- [What needs to be done]: I need the lines from the one with "Cortina Argollas Linen" through the end of the material, copied exactly and with nothing else included.

- [Data for analysis]:
┄┄┄┄┄┄

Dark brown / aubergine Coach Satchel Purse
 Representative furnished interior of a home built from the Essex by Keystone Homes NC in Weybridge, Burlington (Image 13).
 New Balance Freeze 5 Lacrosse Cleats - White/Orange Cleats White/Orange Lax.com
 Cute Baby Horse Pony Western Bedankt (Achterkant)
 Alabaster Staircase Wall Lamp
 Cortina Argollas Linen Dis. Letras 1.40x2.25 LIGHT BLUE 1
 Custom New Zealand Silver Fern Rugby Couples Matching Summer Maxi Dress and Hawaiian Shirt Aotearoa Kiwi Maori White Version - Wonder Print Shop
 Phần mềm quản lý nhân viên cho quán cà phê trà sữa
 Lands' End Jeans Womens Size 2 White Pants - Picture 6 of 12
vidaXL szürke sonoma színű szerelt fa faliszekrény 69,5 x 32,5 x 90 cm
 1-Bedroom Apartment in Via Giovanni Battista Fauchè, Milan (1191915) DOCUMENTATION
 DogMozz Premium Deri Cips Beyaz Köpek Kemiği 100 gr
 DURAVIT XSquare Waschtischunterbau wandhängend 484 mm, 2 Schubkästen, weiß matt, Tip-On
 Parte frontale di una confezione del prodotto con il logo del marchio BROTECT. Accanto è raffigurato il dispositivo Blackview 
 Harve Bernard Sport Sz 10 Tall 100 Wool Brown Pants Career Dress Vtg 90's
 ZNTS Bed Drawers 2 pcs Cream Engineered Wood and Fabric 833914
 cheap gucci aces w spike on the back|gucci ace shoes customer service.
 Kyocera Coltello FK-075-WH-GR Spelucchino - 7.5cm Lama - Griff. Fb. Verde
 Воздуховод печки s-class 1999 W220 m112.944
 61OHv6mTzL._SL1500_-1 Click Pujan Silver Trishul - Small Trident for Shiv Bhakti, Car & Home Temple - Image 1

┄┄┄┄┄┄

- [Task answer]:
 Cortina Argollas Linen Dis. Letras 1.40x2.25 LIGHT BLUE 1
 Custom New Zealand Silver Fern Rugby Couples Matching Summer Maxi Dress and Hawaiian Shirt Aotearoa Kiwi Maori White Version - Wonder Print Shop
 Phần mềm quản lý nhân viên cho quán cà phê trà sữa
 Lands' End Jeans Womens Size 2 White Pants - Picture 6 of 12
vidaXL szürke sonoma színű szerelt fa faliszekrény 69,5 x 32,5 x 90 cm
 1-Bedroom Apartment in Via Giovanni Battista Fauchè, Milan (1191915) DOCUMENTATION
 DogMozz Premium Deri Cips Beyaz Köpek Kemiği 100 gr
 DURAVIT XSquare Waschtischunterbau wandhängend 484 mm, 2 Schubkästen, weiß matt, Tip-On
 Parte frontale di una confezione del prodotto con il logo del marchio BROTECT. Accanto è raffigurato il dispositivo Blackview 
 Harve Bernard Sport Sz 10 Tall 100 Wool Brown Pants Career Dress Vtg 90's
 ZNTS Bed Drawers 2 pcs Cream Engineered Wood and Fabric 833914
 cheap gucci aces w spike on the back|gucci ace shoes customer service.
 Kyocera Coltello FK-075-WH-GR Spelucchino - 7.5cm Lama - Griff. Fb. Verde
 Воздуховод печки s-class 1999 W220 m112.944
 61OHv6mTzL._SL1500_-1 Click Pujan Silver Trishul - Small Trident for Shiv Bhakti, Car & Home Temple - Image 1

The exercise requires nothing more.